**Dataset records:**

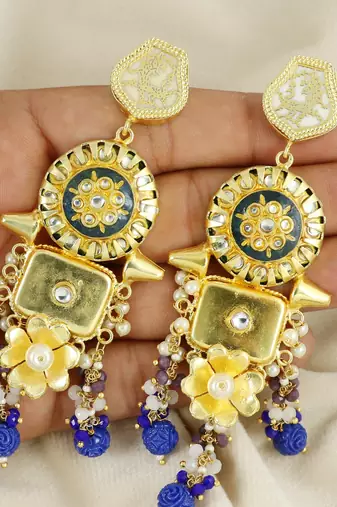 Gold finish sapphire beaded earrings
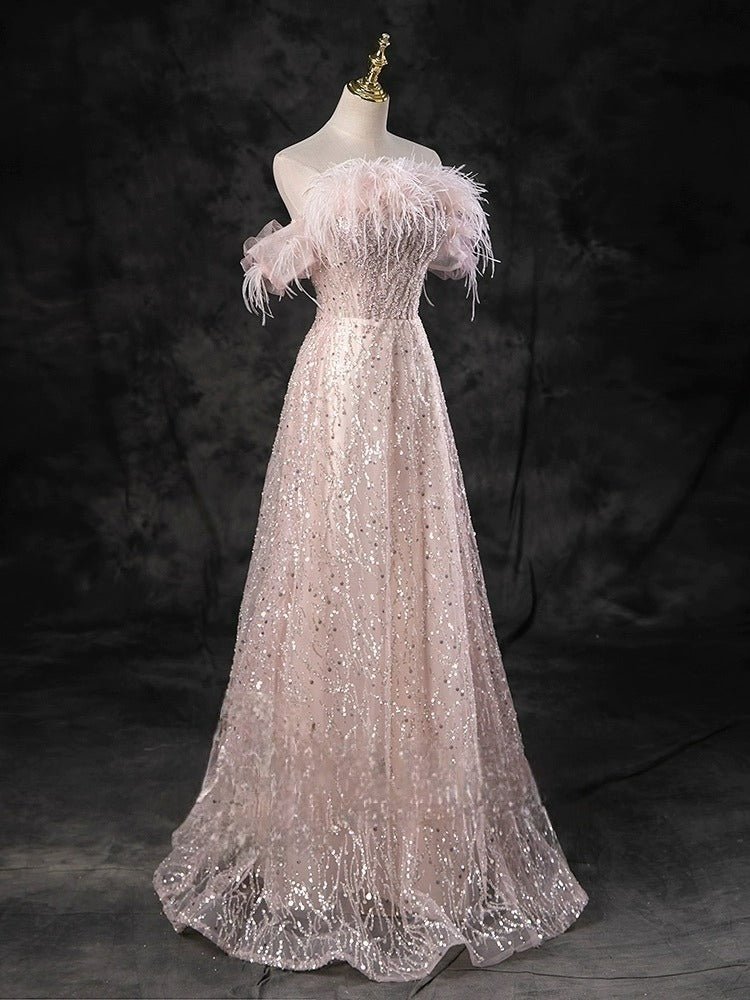 Blush Pink Evening Gown with Feathered Off-Shoulder Detail - Corset Back Wedding Dress with Sequin Plus Size Size 14 / Pink Blush Pink Evening Gown with Feathered Off-Shoulder Detail - Corset Back Wedding Dress with Sequin Plus Size Size 14 / Pink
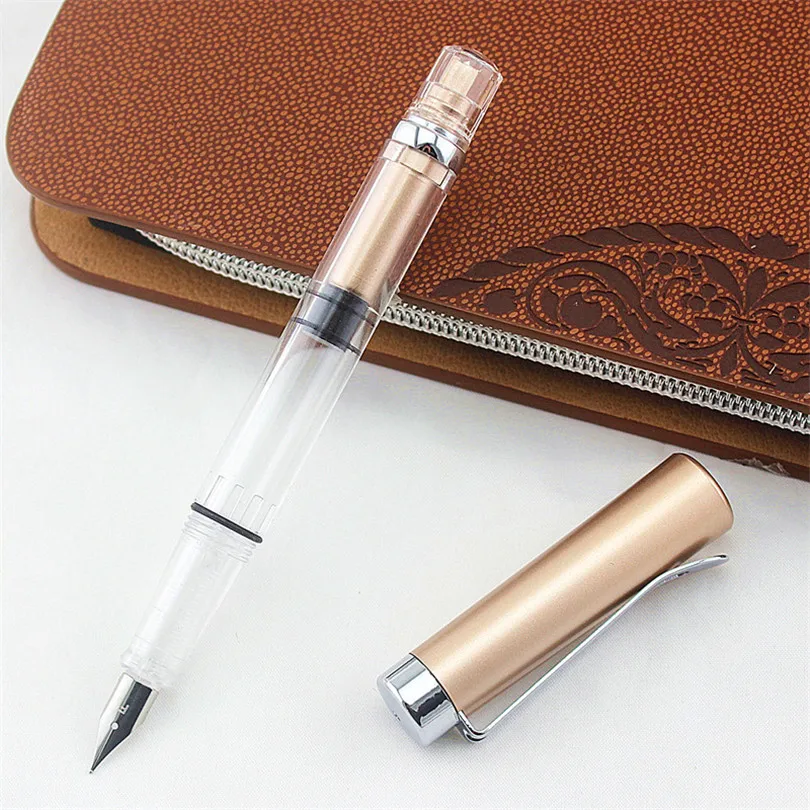 

Financial Tip 0.38mm Fine Fountain Pen Transparent Classic Body EF F Nib School Office Writing Stationery ink pens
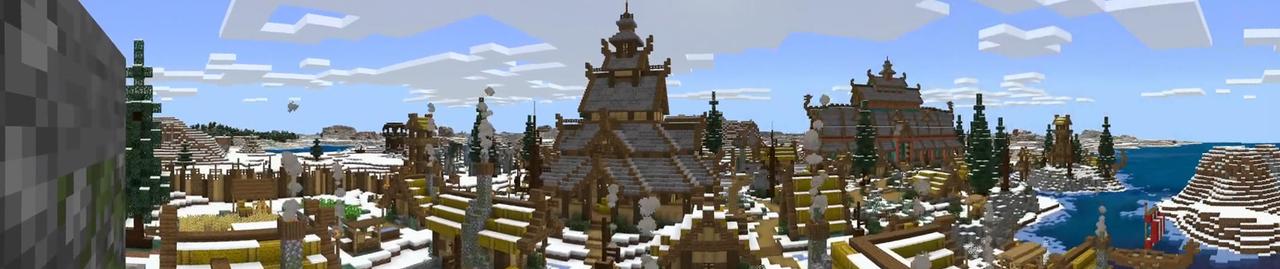 Panorama of the Minecraft Bedrock Marketplace product Viking Village created by Nitric Concepts.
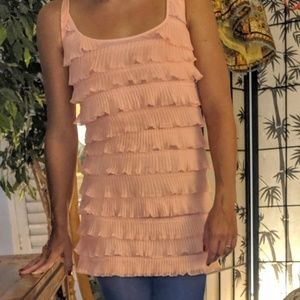 H & M peach frilled mini dress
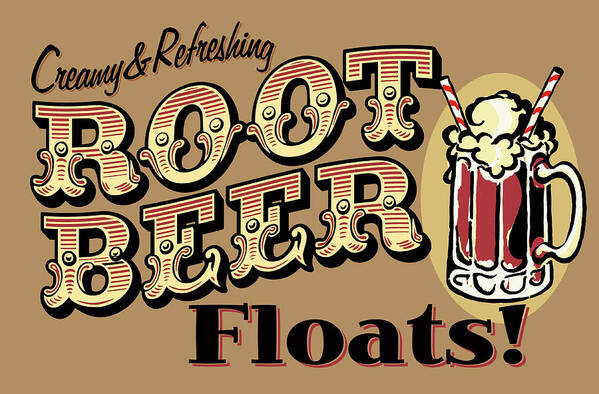 Root Beer Floats Poster featuring the digital art Root Beer Floats by Retroplanet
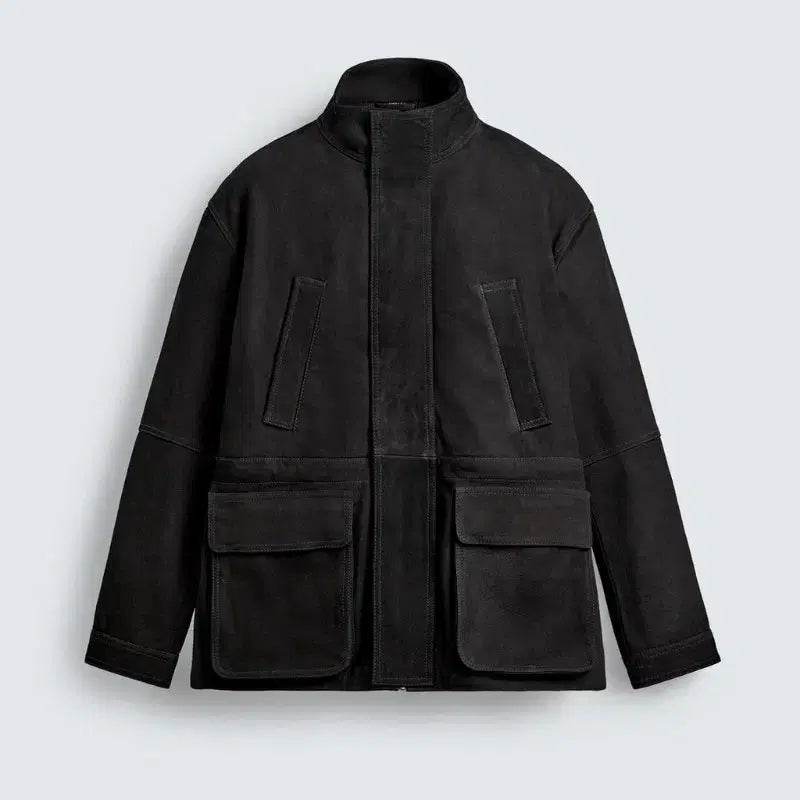 [BUNJANG] Zara Buffalo Suede Leather Relaxed Fit Leather Parka (M) - Cool Grey / 자라 버팔로 소가죽 누벅 릴렉스 핏 레더 파카 (M)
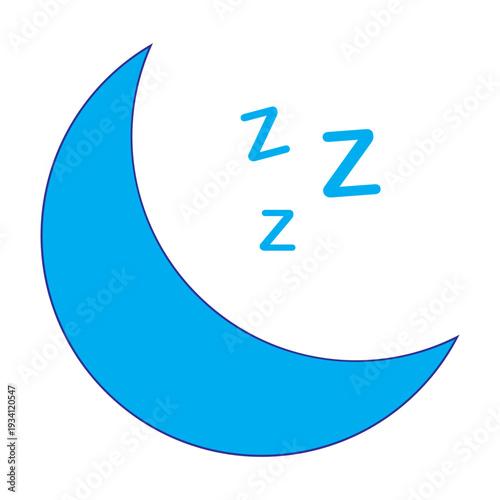 Moon sleep icon. Rest zzz symbol. Night signs. Bedtime symbols. Dream concept icons. Sky-Blue color. Vector sign.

**TASK BRIEF:**
Begin at the line containing "Root Beer Floats Poster" and copy every line through the end of the data above exactly, omitting the pictures.

**FINISHED EXERCISE:**
 Root Beer Floats Poster featuring the digital art Root Beer Floats by Retroplanet
 [BUNJANG] Zara Buffalo Suede Leather Relaxed Fit Leather Parka (M) - Cool Grey / 자라 버팔로 소가죽 누벅 릴렉스 핏 레더 파카 (M)
 Moon sleep icon. Rest zzz symbol. Night signs. Bedtime symbols. Dream concept icons. Sky-Blue color. Vector sign.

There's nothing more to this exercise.